Genetic tests are available for:
- Prenatal diagnosis and rapid trisomy screening by quantitative –PCR on chorionic villi, amniocytes and foetal blood
- Full chromosome analysis of amniotic, chorionic villus cell cultures and foetal blood.
- New-born chromosome analysis
- Chromosome analysis on bone marrow and peripheral blood for hematologic conditions.
- FISH analysis on cultured or uncultured samples, fixed tissue as well as tumour shavings for testing of copy number changes and the presence or absence of translocations, deletions, duplications and gene fusions
- Molecular DNA screening and testing for inherited disorders and hematologic conditions.
- Confirmation of symptomatic individuals and pre-symptomatic testing
- Genetic variation that influences risk of disease
- DNA profiling for identity studies, paternity, maternity parentage and kindship analysis, zygosity and forensic DNA tests.

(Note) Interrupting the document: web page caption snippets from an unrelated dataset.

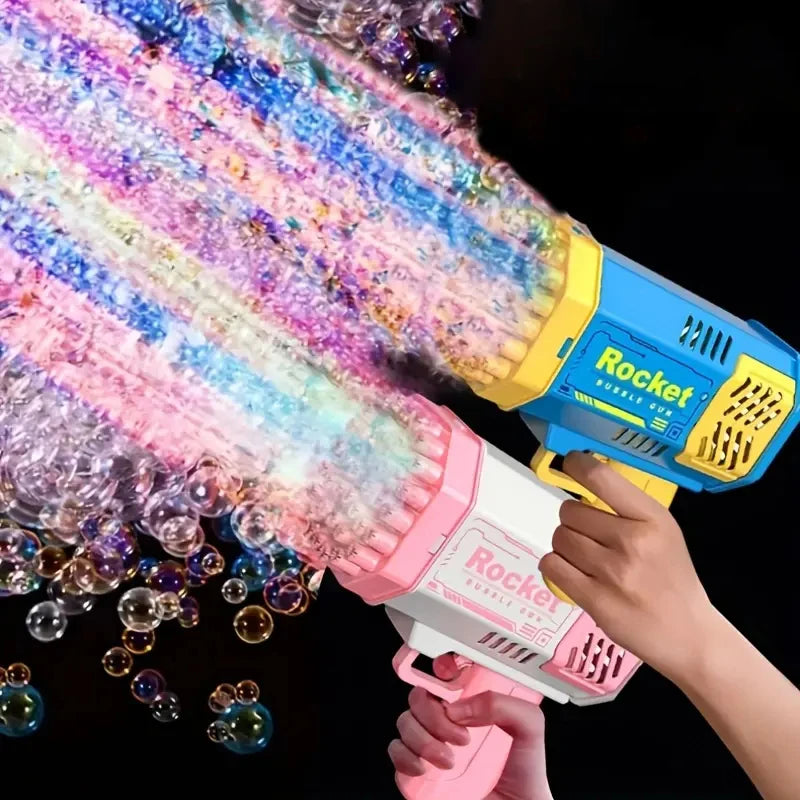 40 Hole Bubble Machine Fully Automatic Bubble Blowing Light Outdoor Bubble Machine 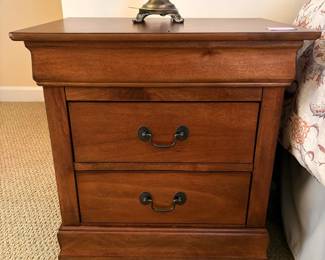R4 - $95. PAIR of Nightstands in Excellent Condition. 2 drawers that slide easily. No brand. Measures 22" wide x 16" d x 24.5" tall. 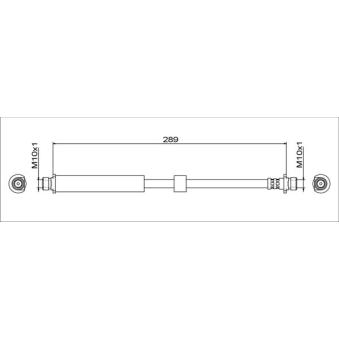 Flexible de frein METZGER 4111764 pour LAND ROVER DISCOVERY 2.7 TD 4x4 - 190cv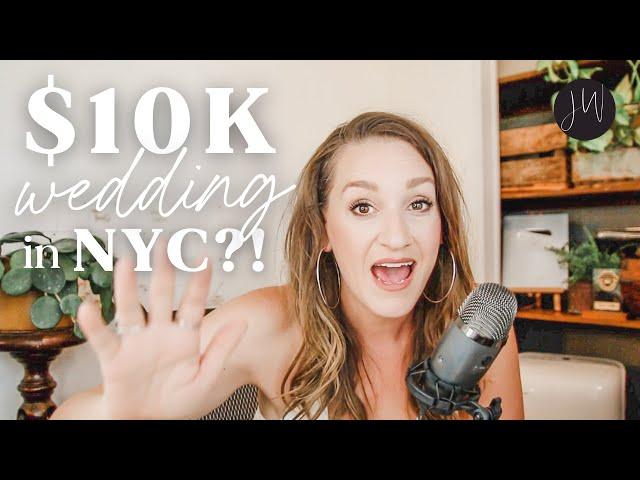 Can I Plan a $10k Wedding in NYC?!? Watch me WORK 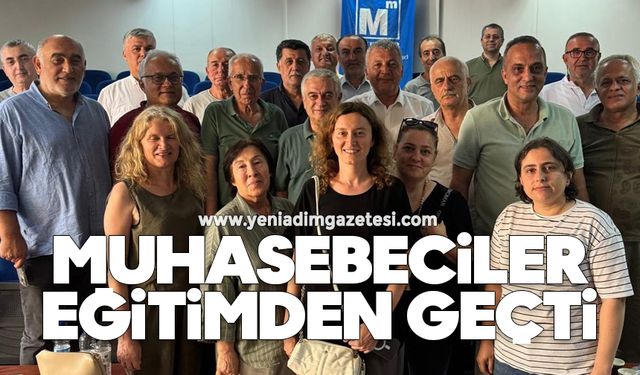 Muhasebeciler eğitimden geçti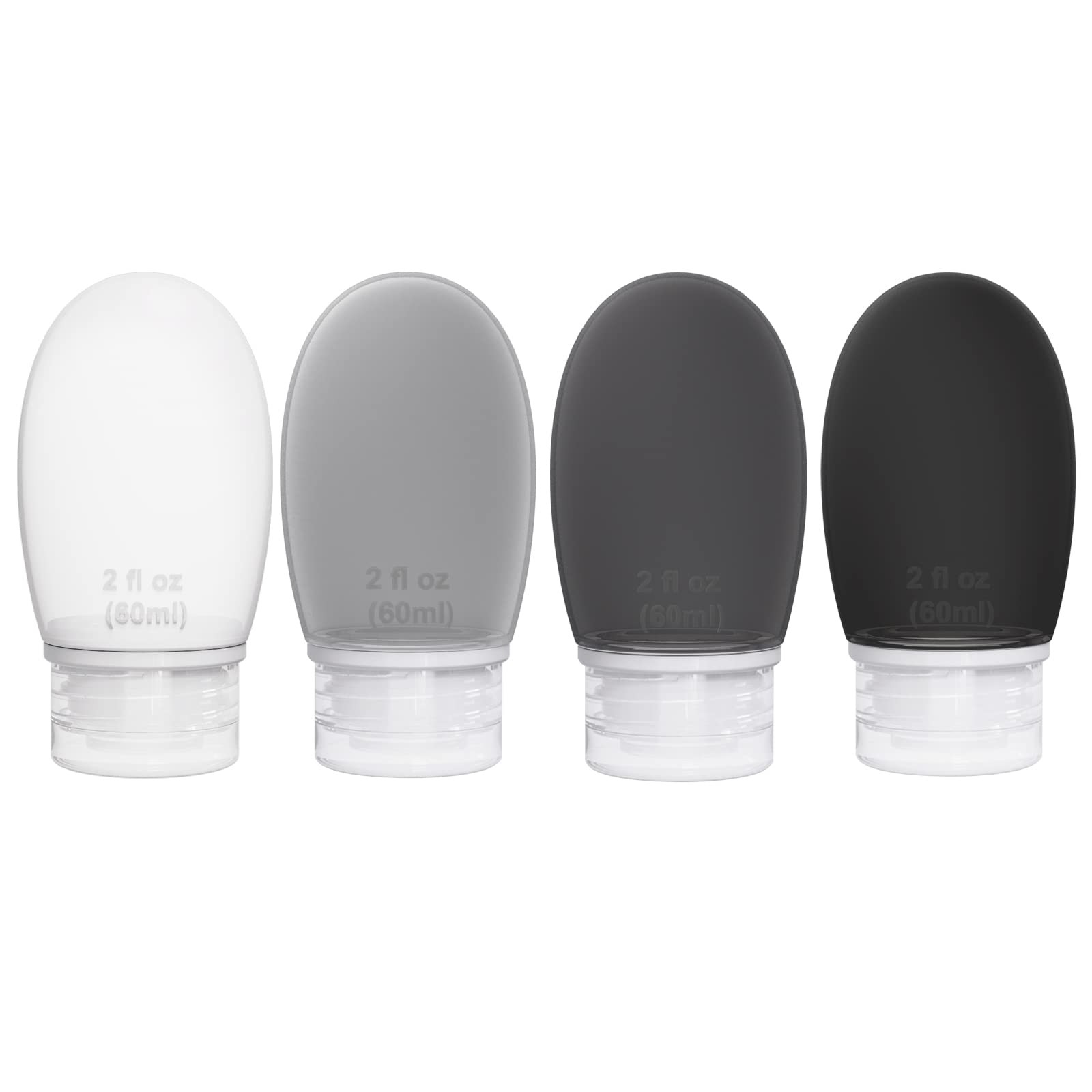 For Toiletries Tsa Approved 60ml/2oz, Gray/2oz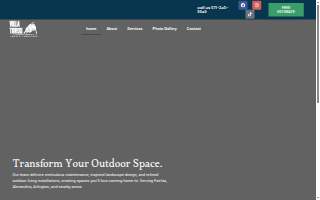 Villatoros Lawn and Landscape Inc. website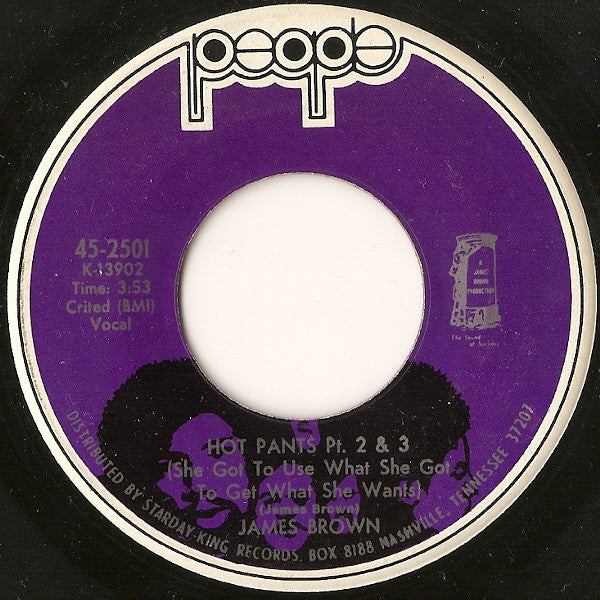 James Brown : Hot Pants (7", Single, Styrene, Ind)
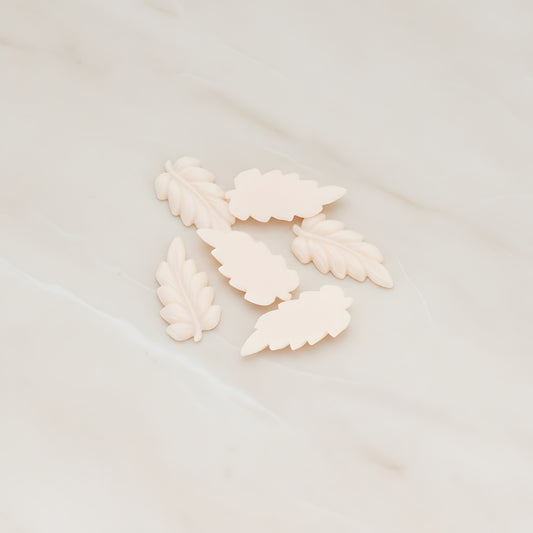 Long Leaf Flat Back Cabochon, 6 Pc (CB.507)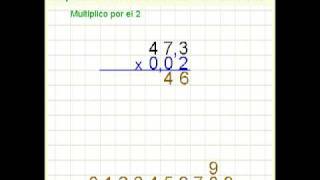 multiplicacion de numeros decimales [upl. by Boleslaw269]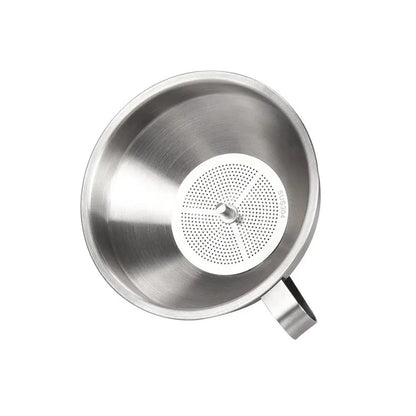 Stainless Steel Funnel Kitchen Oil Liquid Metal Funnel with Detachable Filter Wide Mouth Funnel for Canning Kitchen Tools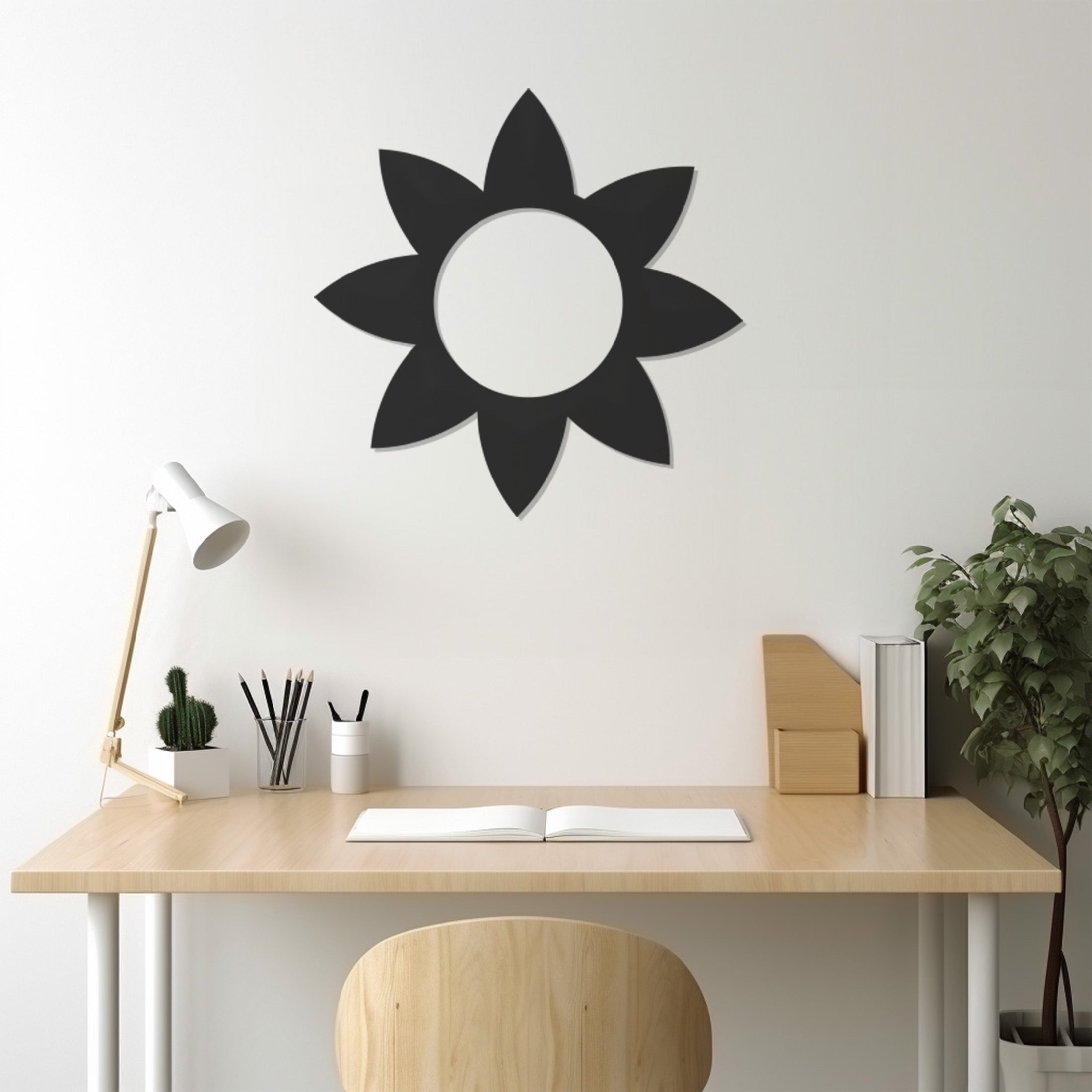 Flower Icon Metal Wall Art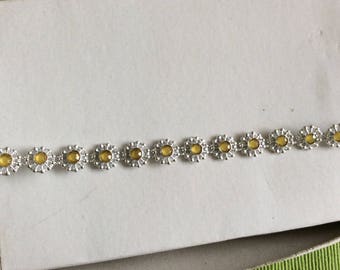 Acrylic 1 cm in diameter silver stripe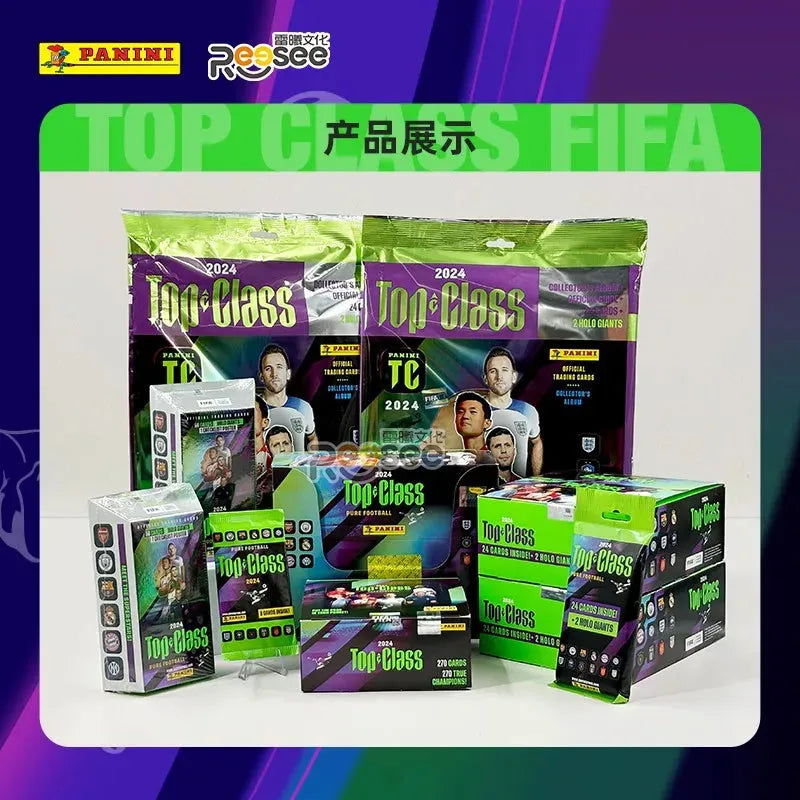 Original FIFA 2024 Top Class Panini Football Star Cards Sports Collection Cards Mistery Box Board Game Toy Birthday Gift for Kid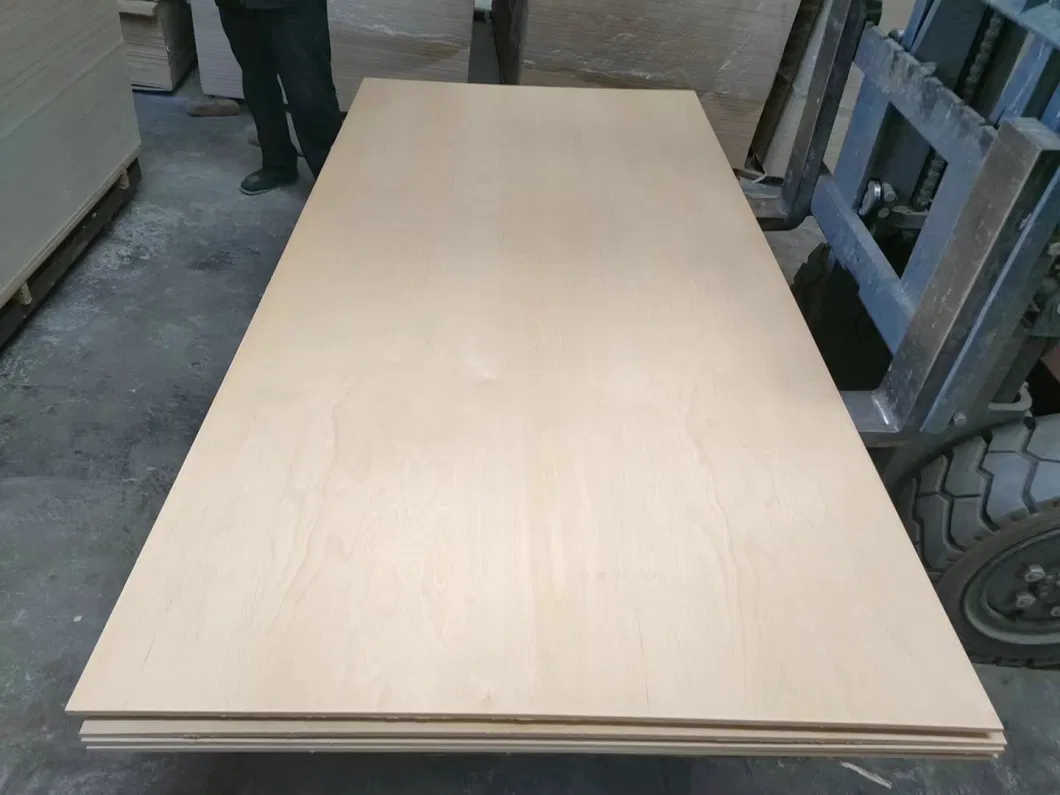 White Laminated 4X8 Melamine Plywood Board for Furniture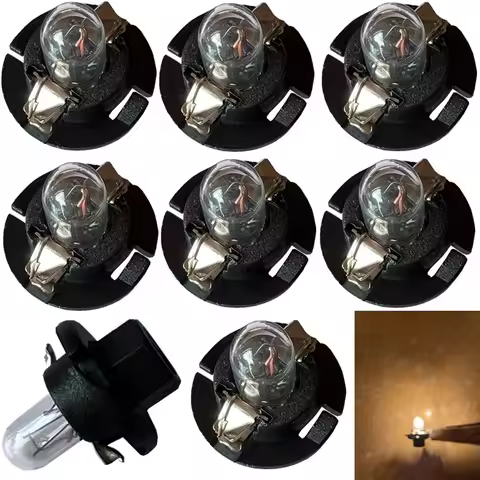 10pcs B8.4 B8.4D T5 1.2W 12V original automotive halogen lamps high quality panel lights wedge car d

- DNA profiling for bone marrow assessment
- Fertility studies
- Studies on products of conception
Genetic testing may sometimes be complex with varying degrees of success in their ability to detect mutations, deletions, duplications, copy number variants and other abnormalities associated with genetic conditions or disorders.
Tests may be diagnostic or indicative for a condition or may indicate an association with an altered risk for conditions. The constant development of new technologies and increased knowledge of genetic and epigenetic factors necessitate broader interlaboratory collaboration and constant upgrading of technology.